On the flip side, there are great employees who don't know that they are doing a great job because their managers never tell them. These employees are frequently left on their own because the manager is too busy trying to deal with (albeit unobtrusively) the bad employee described above. Although the manager may be pleased as punch to have this type of employee on his team, he fails to mention it to the actual employee. Again, annual appraisals force this type of recognition as well.
2. Employees need to know what is expected of them. Generally, an annual performance review includes goals for the next year. This is frequently the only time an employee finds out exactly what his expected of her. She can tack this list to her cube wall and make sure she is making good progress in all areas.
The problem (and you knew there would be one) is that business needs can change rapidly and what your manager wrote in December may have no relevance to the work that needs to be done in June. A good manager will have regular one-on-one meetings with her employees and evaluate and change these annual goals as the need arises. Very few managers do this. If they would do this on there own, we HR types would get less fussy about annual appraisals. (Really, I'd suggest quarterly goal evaluation, but somehow I think that would cause MR. Hammonds to hyperventilate and I don't want to do that.)
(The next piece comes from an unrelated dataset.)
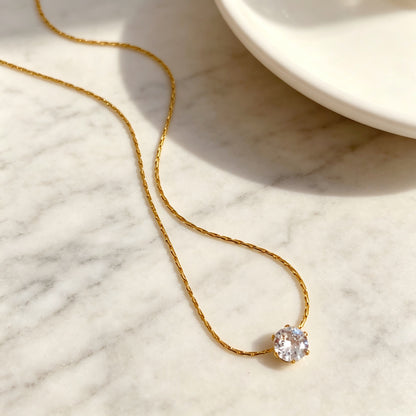 Geometric Gold Pendant Necklace In Titanium Steel With Zircon Inlay And Claw Setting, Featuring Coffee Bean Chain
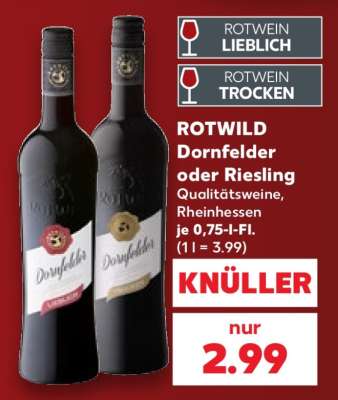 ROTWILD Dornfelder oder Riesling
3. Mr. Hammonds guesses reason 3 without even realizing it:
Companies, he says "are doing it to protect themselves against their own employees," he says. "They put a piece of paper between you and employees, so if you ever have a confrontation, you can go to the file and say, 'Here, I've documented this problem.' "
Lawsuits are a very real problem. EEO and OFCCP Audits are a very real thing. Perhaps Mr. Hammonds has never dealt with a lawsuit filed by the OFCCP (and he wouldn't, being a writer and all--the paperwork would go to HR and he would not know about it), but I have. One company I worked for successfully fought back and won a lawsuit filed by the OFCCP. We were able to prove we were not engaging in discriminatory practices by producing evidence. A good portion of the evidence was employee performance ratings (along with other things, such as length of time in job, education and prior experience). We could show that while some people were paid more than others, there was a high correlation between performance rating and pay.
Still, it took millions of dollars to "win" that lawsuit. (And I still have our outside counsel's phone number on my speed dial, even though I haven't talked to him in about 3 years. I'm scared to let it go.) Best not to get sued in the first place.
Now, I can hear Mr. Hammonds shouting, "then just give everyone a rating and skip the darn appraisal!" Sure. Let's do that. "Bob, as you know, employees are rated on a scale of 1 to 5, with 1 being 'exceeds expectation' and 5 being 'you want to start looking for a new job because you'll be fired within the month.' This year, you're a 4. Talk to you later!" Yes, yes, that would be effective. Even people with high ratings would not like it. "If I'm a 1, how come I'm not getting promoted? Where's my promotion?" Ahh, yes, managers still need to communicate with employees. And since you won't do it properly on your own, we'll require it of you.
A written appraisal (properly signed by the employee, manager and HR) can cover the company's rear end. We're sorry it needs to be done.
Performance appraisals can be extremely useful tools. They can open dialogues between manager and employee. They can serve as documentation for ratings. They can provide valuable information for future managers. They can help correct problems and they can reward good performance.
Notice I used the word "can" repeatedly in the above paragraph. Why? Because it's up to the manager and the employee to get use out of them. If your manager isn't using the review properly, ask for it. If you are a manager, make notes throughout the year, meet with your employees regularly and come year end--that darn thing will just write itself.